The Brock in the games and the Brock in the anime couldn’t be farther apart. Video game Brock is barely a character at all. He’s your first step on your goal of becoming a Pokémon Champion in the first games. That is to say, he’s the first Gym Leader you will face. He even makes an appearance in Pokémon Gold and Pokémon Silver if you continue back into Kanto after defeating the Johto circuit. He’s an iconic part of the series, but he’s not much of a well-defined character in terms of personality.
Why the anime then decided to single him out to become friends with Ash is beyond me. In a way it kind of makes sense. He’s the first Gym Leader and Misty is the second, so yeah, I can see why they would go with the first two. What I don’t understand is why they made him into a love-crazed fool like this meme points out. At the end of the day, you can just shrug your shoulders and blame it on anime. Brock is a thousand Japanese tropes rolled into one. I guess raising your gang of brothers and sisters for years while your father is away will do that to a person.
What came first? The chicken or the egg. It’s an age-old riddle we will never solve and the same quandary can be applied to Pokémon. What is Pokémon? Should it be classified as a video game with various spinoffs, or is it an anime with assorted media tie-ins? Nowadays it’s hard to distinguish, but technically it began as a video game and sort of exploded after that. There’s a core set of games with spinoff titles too, the anime, toys, board games, comics, and so much more. It prints money!
It’s the name of the game.
Let’s get back to the naming dilemma. The joke for this meme is that both Ash Ketchum, the protagonist of the anime, and Red, the default name for the original trainer from the games, both have terrible names. Now I’ve heard plenty of people named Ash before, but not so much Ketchum. It’s a funny pun based on their motto “Gotta catch ‘em all” which is funny, but also pretty silly. As for Red I’ve also seen that name tossed around in reality, but considering it’s Red because the game is called Pokémon Red, well, it just feels uninspired. In the grand scheme, it doesn’t really matter though.

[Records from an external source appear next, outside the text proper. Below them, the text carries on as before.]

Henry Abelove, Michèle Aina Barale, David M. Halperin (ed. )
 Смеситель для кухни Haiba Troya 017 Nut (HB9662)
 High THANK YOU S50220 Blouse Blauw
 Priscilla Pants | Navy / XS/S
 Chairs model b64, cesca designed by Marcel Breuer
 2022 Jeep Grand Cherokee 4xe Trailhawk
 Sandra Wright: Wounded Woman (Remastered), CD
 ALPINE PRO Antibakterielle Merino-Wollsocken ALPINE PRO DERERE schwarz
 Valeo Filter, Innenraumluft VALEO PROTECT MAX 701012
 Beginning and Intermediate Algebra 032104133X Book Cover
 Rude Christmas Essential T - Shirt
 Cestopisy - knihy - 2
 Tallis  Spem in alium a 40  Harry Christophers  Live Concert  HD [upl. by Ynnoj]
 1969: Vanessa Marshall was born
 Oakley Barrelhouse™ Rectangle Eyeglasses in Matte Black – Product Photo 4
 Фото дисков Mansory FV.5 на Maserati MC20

Continuing on with naming conventions, your rival in the games is often referred to as Blue for his attire and because that’s the opposite of Pokémon Red i.e. Pokémon Blue. In the English releases one of his default names is Gary because fans of the show may want to call him by this counterpart. You can name your rival, and yourself, whatever you want so long as it’s within seven characters. I know I can do the math. Stink Boy is longer than seven characters, but whatever. The point is people like to goof on his name and call Gary a lot of ruder, explicit names that can’t really be repeated here, but it’s pretty obvious.
And why shouldn’t you call him by an awful name? He is your rival and not in a friendly way either. Sure he never tries to physically do your character harm, but he’s so smarmy I just want to punch his lights out. Why does he even act so smug in the games? The anime Gary has a right, somewhat, as he seems to actually be a good trainer, or at least better than Ash. Is the video game version just riding on his grandfather’s coattails? Whatever the case may be, he deserves every insulting name he gets.
One of the most problematic mechanics I’ve had with the Pokémon games since day one has been in regards to the limited move sets. No matter what Pokémon you train they can only have four moves. It’s been that way for over twenty years now and it’s about dang time it changes. For that matter let’s get rid of random encounters as long as we’re talking about dated RPG mechanics. At least they’ve made strides with the former, but it’s annoying to fight around with move lists especially when you need HMs to finish the games and thus have even less room for the skills you really want. More on that issue later.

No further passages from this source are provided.